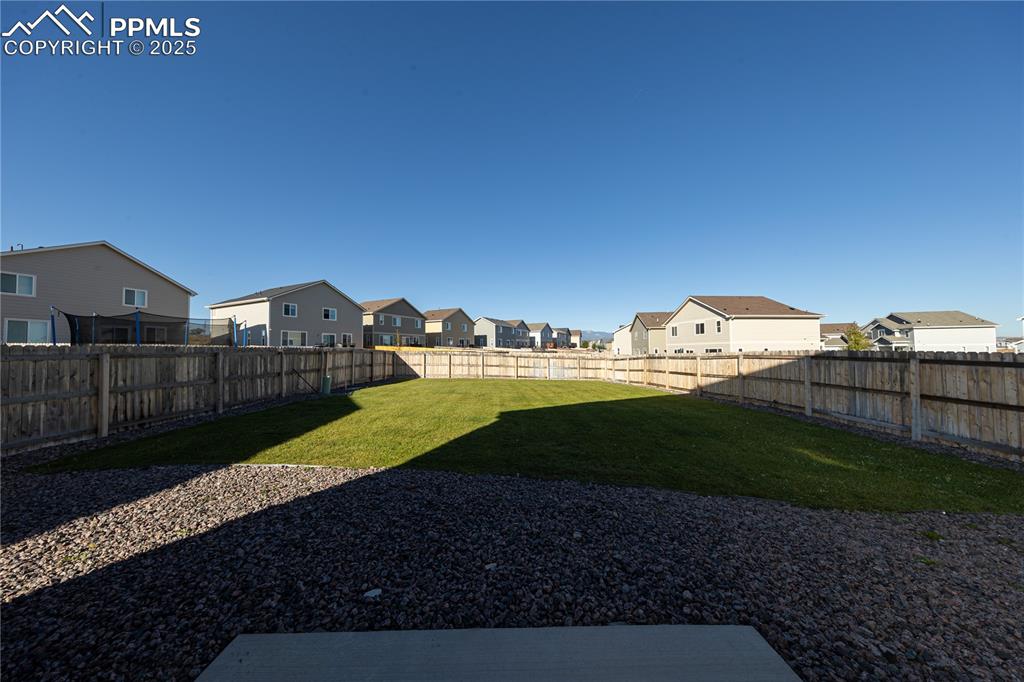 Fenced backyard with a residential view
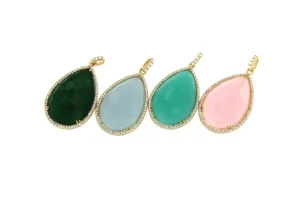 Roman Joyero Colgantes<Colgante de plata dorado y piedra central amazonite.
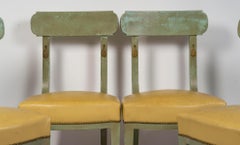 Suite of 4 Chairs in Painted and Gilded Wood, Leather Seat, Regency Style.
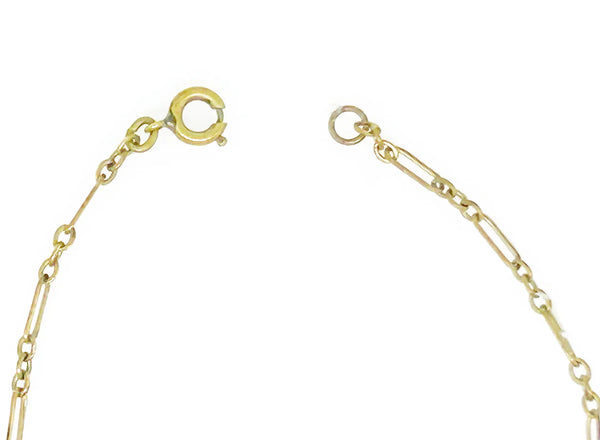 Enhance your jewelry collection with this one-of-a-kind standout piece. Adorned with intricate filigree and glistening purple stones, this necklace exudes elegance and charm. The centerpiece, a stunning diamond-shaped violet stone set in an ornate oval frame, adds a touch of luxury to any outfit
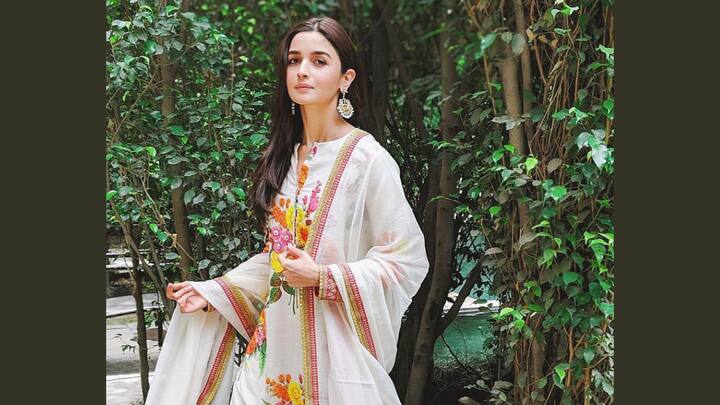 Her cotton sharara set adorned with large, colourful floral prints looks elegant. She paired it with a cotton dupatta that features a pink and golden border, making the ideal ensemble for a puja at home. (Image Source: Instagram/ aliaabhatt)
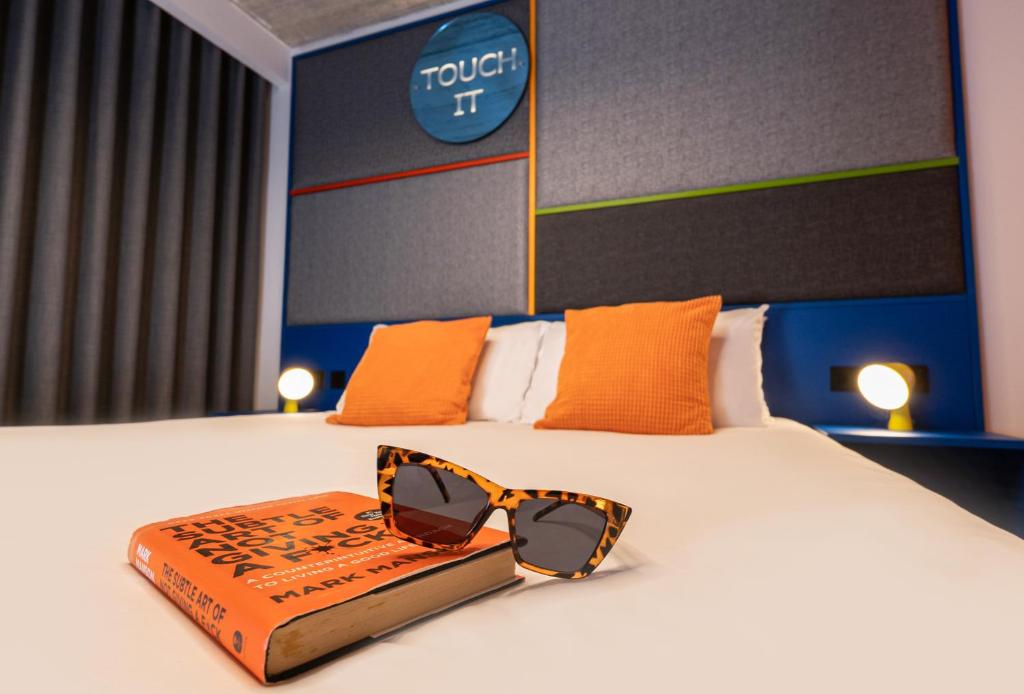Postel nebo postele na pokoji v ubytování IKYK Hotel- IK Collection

****************************************

◆ **Exercise brief**
Please print the data above once more, exactly and without images.

◆ **Response for this exercise**
 Fenced backyard with a residential view
 Roman Joyero Colgantes<Colgante de plata dorado y piedra central amazonite.
 Suite of 4 Chairs in Painted and Gilded Wood, Leather Seat, Regency Style.
 Enhance your jewelry collection with this one-of-a-kind standout piece. Adorned with intricate filigree and glistening purple stones, this necklace exudes elegance and charm. The centerpiece, a stunning diamond-shaped violet stone set in an ornate oval frame, adds a touch of luxury to any outfit
 Her cotton sharara set adorned with large, colourful floral prints looks elegant. She paired it with a cotton dupatta that features a pink and golden border, making the ideal ensemble for a puja at home. (Image Source: Instagram/ aliaabhatt)
Postel nebo postele na pokoji v ubytování IKYK Hotel- IK Collection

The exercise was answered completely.